- **Brief descriptive captions**:
++++++++
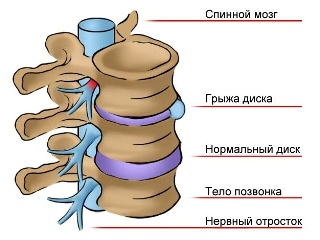 Болезни позвоночника: межпозвоночная грыжа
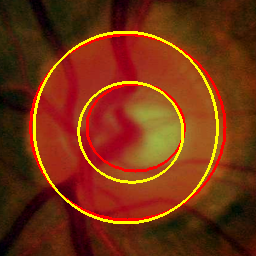 Refer to caption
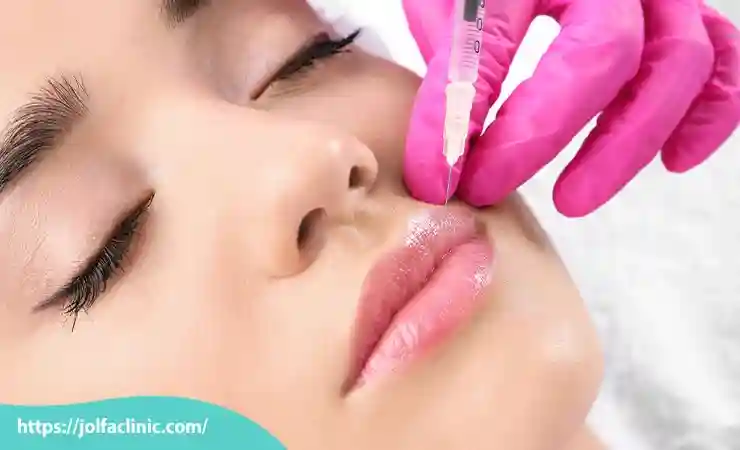 مراقبت بعد از تزریق ژل لب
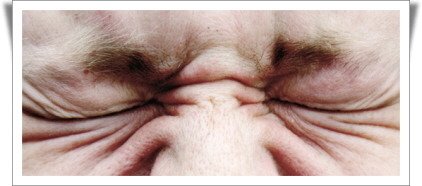 머리카락이식수술4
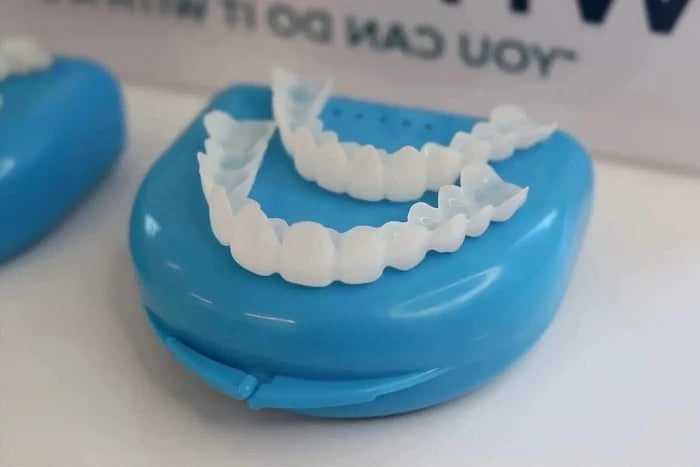Transform Your Smile with Effortless Clip-On Veneers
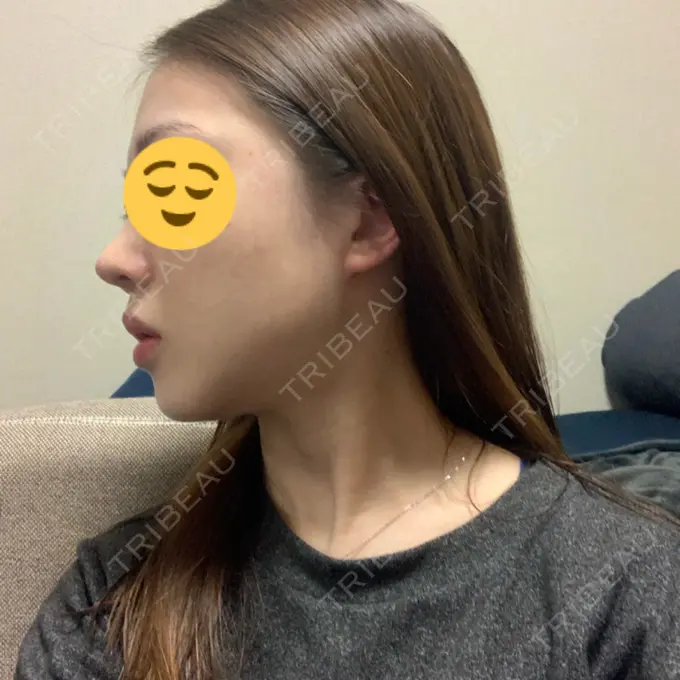 糸リフト / 脂肪吸引（顔） / メーラーファット除去 / ボトックス（エラ・小顔） 湘南美容クリニック 秋葉原院 DAY 22 メイン用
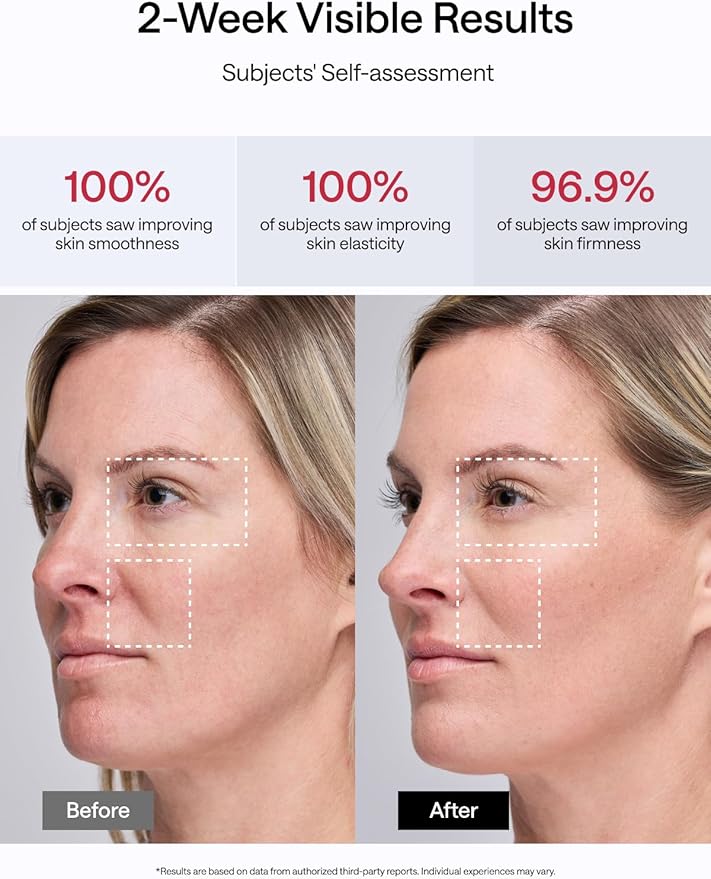 JMOON NouvelleSkin Facial Toning Device, FDA-Cleared Microcurrent Facial Device and Red Light Therapy for Face, 4 Modes & 5 Intensity Levels for Personalized Face Lift & Smoothing. M30U PR - The Vitality Estate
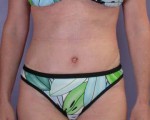 Tummy Tuck Before and after photo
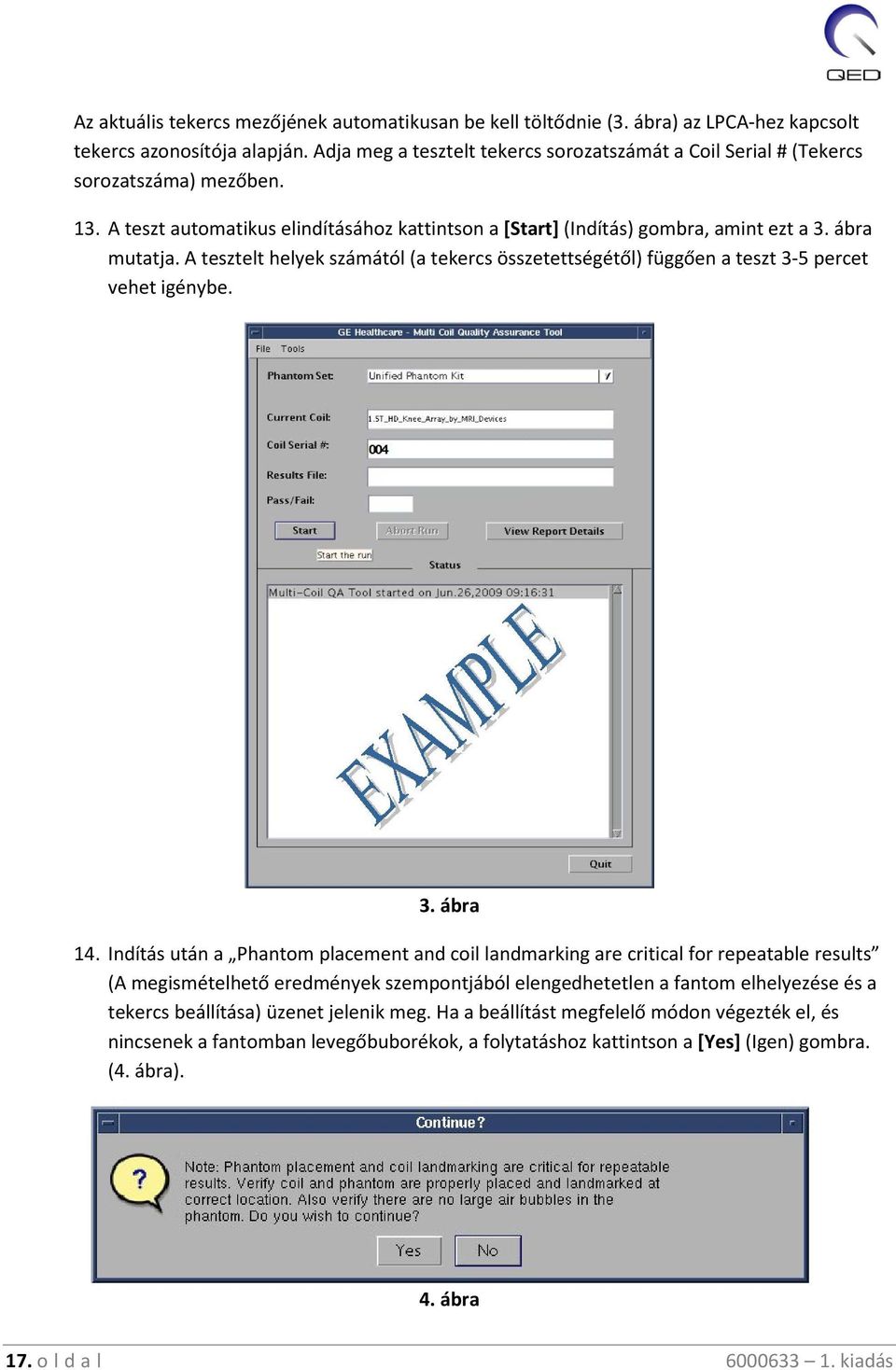 A tesztelt helyek számától (a tekercs összetettségétől) függően a teszt 3-5 percet vehet igénybe. 3. ábra 14.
++++++++
- **Task statement**: In the entries above, find the line containing "JMOON NouvelleSkin Facial", then please retype it and every line after it through the last, exactly as written, omitting pictures.

- **Your response**:
 JMOON NouvelleSkin Facial Toning Device, FDA-Cleared Microcurrent Facial Device and Red Light Therapy for Face, 4 Modes & 5 Intensity Levels for Personalized Face Lift & Smoothing. M30U PR - The Vitality Estate
 Tummy Tuck Before and after photo
 A tesztelt helyek számától (a tekercs összetettségétől) függően a teszt 3-5 percet vehet igénybe. 3. ábra 14.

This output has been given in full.